Any cluster of clicks within a short time after delivery is probably false.

Yup, I've devised such a scheme yesterday and put it in place for this set - I'm using a simple rule to discard any clicks that come before an open. But making it broad-based and fool proof seems to be a bit tough since there are many conditions:

  1. Sometimes this cluster happens within 60s of the mail going out, sometimes even as much as 5 mins later.
  2. This particular email had maybe 7 links in it, so its easy to see the cluster visually. Most of our mails have only 1 link, a CTA, in which case it would be particularly difficult to figure out.
  3. Since many clients block the tracking pixel (including my own, Outlook), I'd also need to handle the case where there is no open signal, but then there are 1 or more clicks.
  4. Then possible because the mail has been forwarded to another recipient in the same domain, there is a cluster, followed by human behavior, then another cluster
  5. ... more variants that I havent discovered yet

adding an invisible link as bait for the spam filter

Ha! Yes, I thought exactly of this yesterday, sort of a reverse honeypot. Oh the irony ;-)

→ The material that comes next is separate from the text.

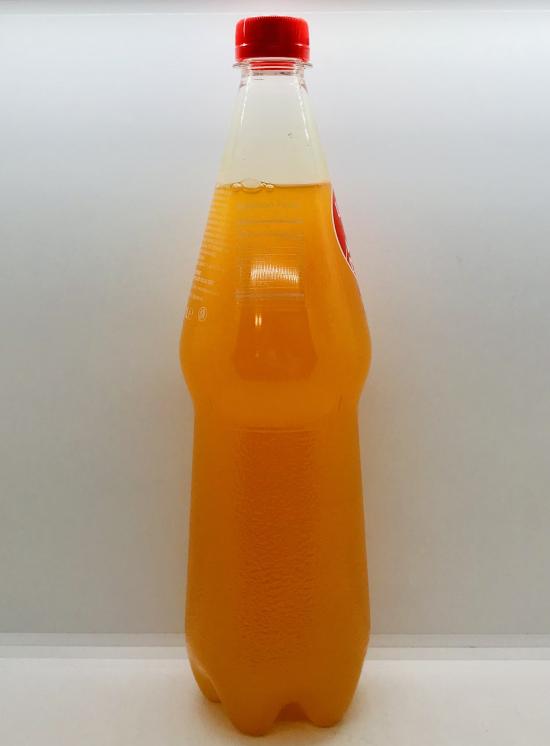 Uludag Gazoz Orange Soda 1L.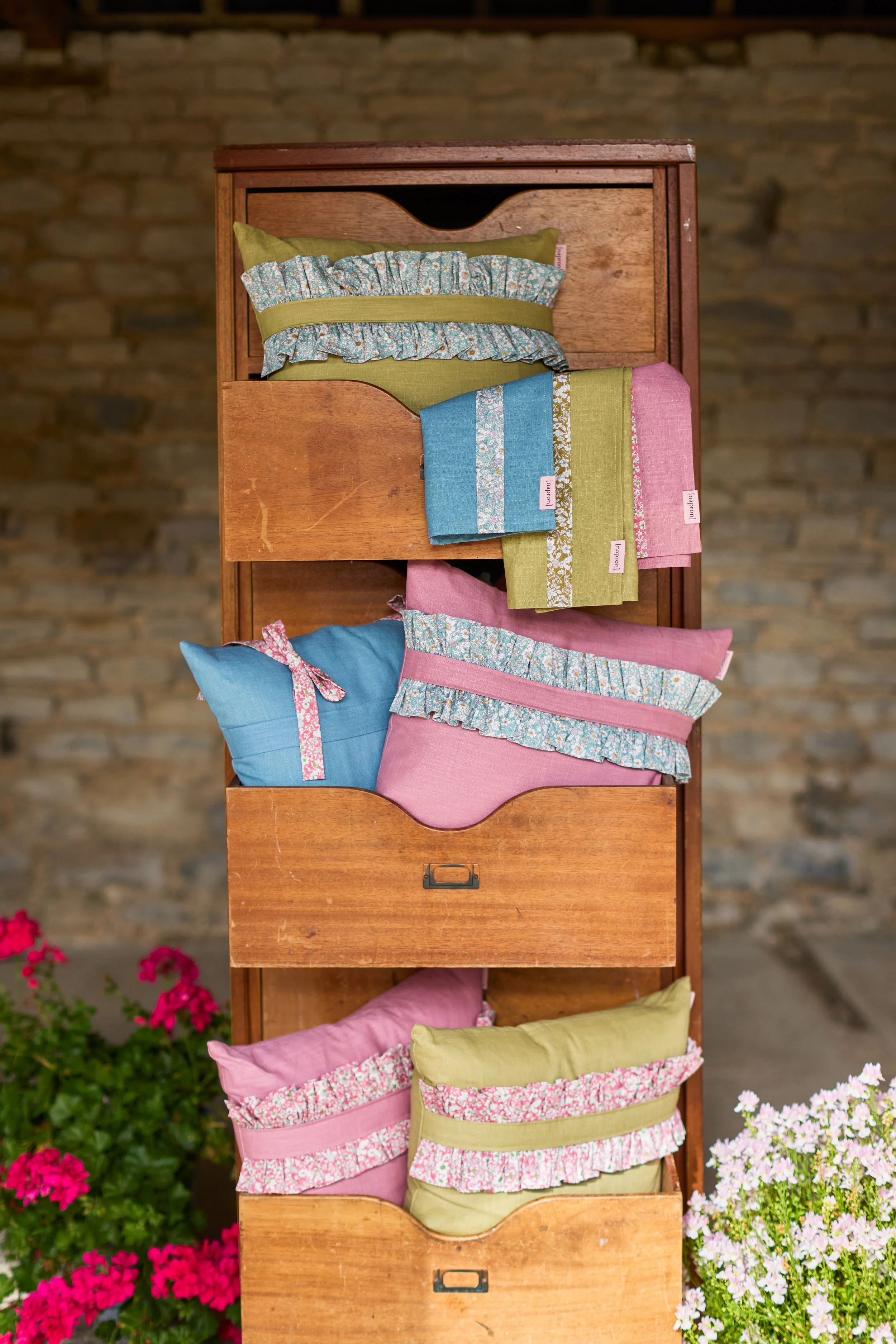 Cushions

medmunds commented 4 years ago

Sometimes this cluster happens within 60s of the mail going out, sometimes even as much as 5 mins later

Which event are you using as "mail going out"? I only see "queued" in your earlier screenshot, which is when SES accepts the outgoing message from you. Does it make a difference to look at "delivered," which is when SES successfully hands off the message to the receiving domain?

making it broad-based and fool proof seems to be a bit tough

If highly accurate email click tracking is essential to your business, then you're basically entering the arms race to differentiate human clicks from bots. And as far as I know, none of the transactional ESPs give that any consideration in their simple click tracking.

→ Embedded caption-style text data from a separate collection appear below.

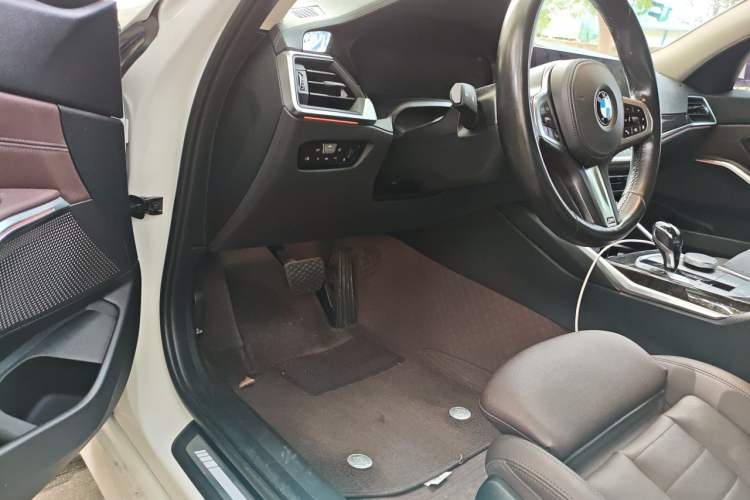 Used BMW 3 Series 2020 Restyled 325Li M Sport Package Driver Seat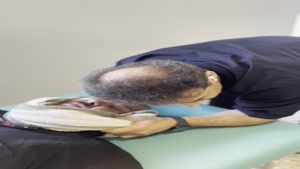 کایروپراکتیک دیسک گردن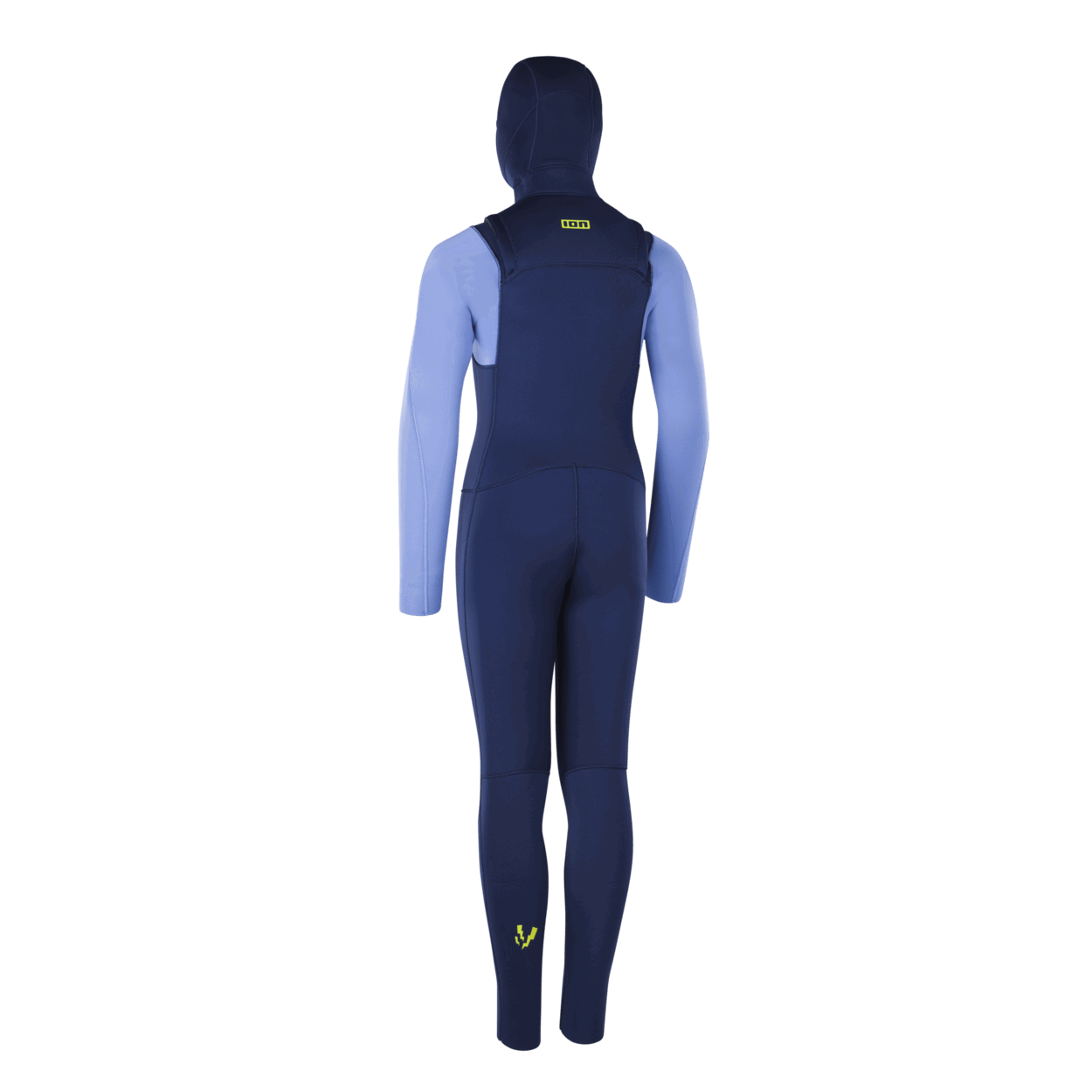 ION Capture 6/5 Hood Front Zip junior 2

It might be sufficient to implement your own click instrumentation on the destination pages (e.g., use JS to post a click event after a short delay, assuming this spam filter doesn't run JS and wait around on the page). Or you might move email click tracking to whatever site analytics you use (e.g., Google Analytics' utm params), if your analytics has some protection against click spam. Of course, if the clicks have any sort of external value, you'll end up needing a full range of adtech-style click fraud defenses (and email spam filters will be the least of your problems).

Otherwise, it might be simpler to just live with the false clicks. Maybe report click rates as a range? As you've noted, open tracking is unreliable, so you're probably already interpreting open rates with some skepticism.

zehawki commented 4 years ago

Another campaign went out today, and I saw this same behavior with some email IDs. So here's some findings:

  1. Mail recipient # 1 - 6 out of 6 links were clicked and the IP addresses are all different - a range of addresses in South Korea, all belonging to MS. All had the same UA - Mozilla/5.0 (Windows NT 10.0; Win64; x64) AppleWebKit/537.36 (KHTML, like Gecko) Chrome/70.0.3538.102 Safari/537.36, so there's prolly nothing to conclude from UA string.

  2. Mail recipient # 2 - 6 out of 6 links were clicked and the IP addresses are all different - a range of addresses in the US, all belonging to AWS. All had the same UA - Mozilla/5.0 (Windows NT 6.1; Win64; x64) AppleWebKit/537.36 (KHTML, like Gecko) Chrome/72.0.3626.109 Safari/537.36, so there's prolly nothing to conclude from UA string. In additional there was an open event from Mozilla/5.0 (Windows NT 5.1; rv:11.0) Gecko Firefox/11.0 (via ggpht.com GoogleImageProxy), before the clicks. That took me to this reading: https://www.gmass.co/blog/false-opens-in-gmail/

And so and so forth down a rabbit hole. You are quite right with everything you mentioned earlier... this is a bit of a crap shoot anyway, and for sure not a bug etc.

Thank you so much for your time and thoughtful comments back and forth.